I cannot believe that Mumsnet - a parenting site!! - agrees with the following:

114 replies

badgirlswatchagonnado · 27/06/2018 10:47

  1. Giving children drugs off-label that have ZERO long-term safety studies
  1. Advocating surgery below the age of consent
  1. Teaching children LIES (changing sex is physically impossible, and thus a lie)
  1. The enforcement of redactive, prescriptive gender stereotypes
  1. Encouraging children to ignore parents to get advice from strangers on the internet (and even to leave their parents and live with above internet strangers)

I made a comment last week that was short, but encompassed all the above behaviours and labelled it as abusive.

Because surely it is abusive to treat a child in such a way.

But Mumsnet deleted it, and stated it went against their guidelines, which is the same as agreeing with the above.

Mumsnet isn't interested in child protection.

Mumsnet is happy to see children being injured by dangerous drugs.

Mumsnet is happy to have other posters advocate surgery, drugs, and lies while people like me - who are against these things - get our comments deleted and sanitised.

Just thought people would like to know.

OP posts:
SuperDandy · 27/06/2018 16:12

There's a whole lot of sophistry going on here.
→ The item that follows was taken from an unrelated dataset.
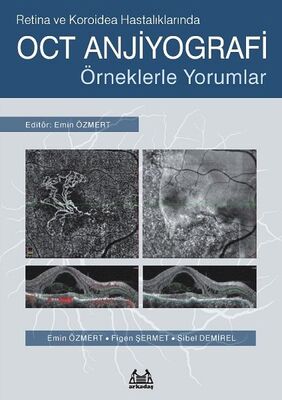 Retina ve Koroidea Hastalıklarında OCT Anjiyografi - 1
There is no equivalence between saying "we do not allow you to state here that this thing is child abuse" and saying "we think this thing is totally fine"

I agree with Pratchet < #klaxon! > that the OP is defamatory.
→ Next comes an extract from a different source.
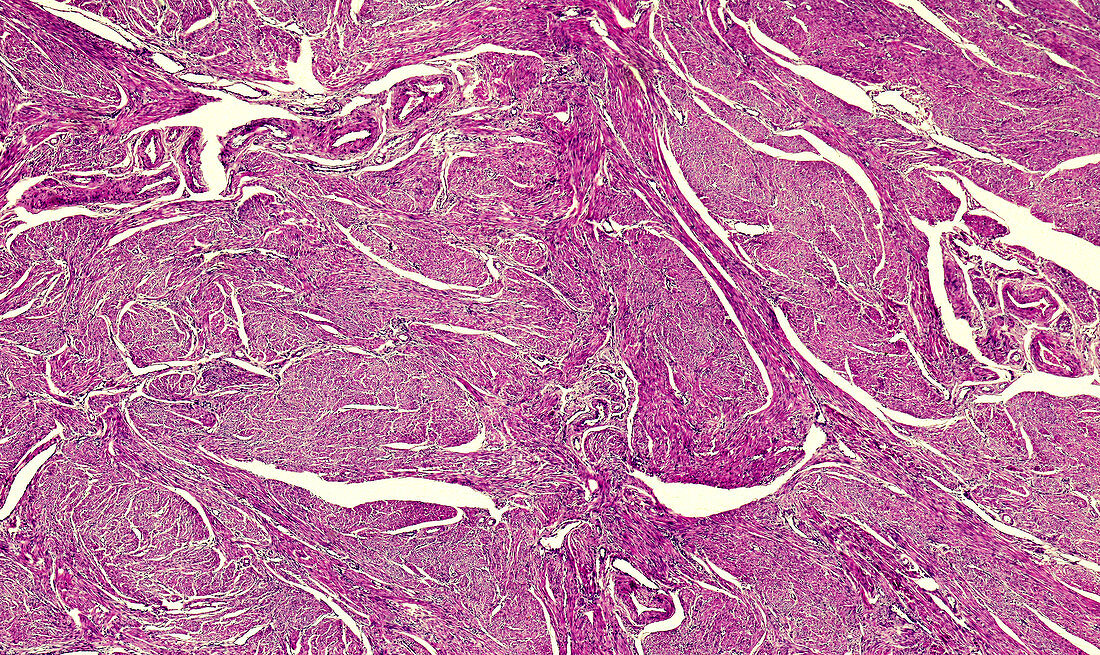 Uterine adenomyosis, light micrograph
The line mnhq seem to have drawn is that it's not ok to say that it's child abuse to parent a child in a way that permits them to present as trans, and access legal and legitimate medical treatment for them.
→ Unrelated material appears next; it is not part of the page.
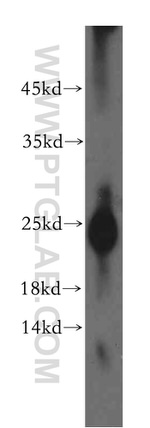 Calcipressin 1 Antibody in Western Blot (WB)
The legal and medical status re trans children is outside the control of mnhq. Can you really not understand that you put the platform at risk by using it to accuse parents pursuing legally and medically approved treatment for their children of being child abusers.

Given how massively important it is to be able to clearly delineate and recognise child abuse in order to safeguard children, I'm surprised so many posters are willing to use the term in this context.

And before anyone has a pop at me, I'm am not saying that there are never cases where a trans child is subject to child abuse.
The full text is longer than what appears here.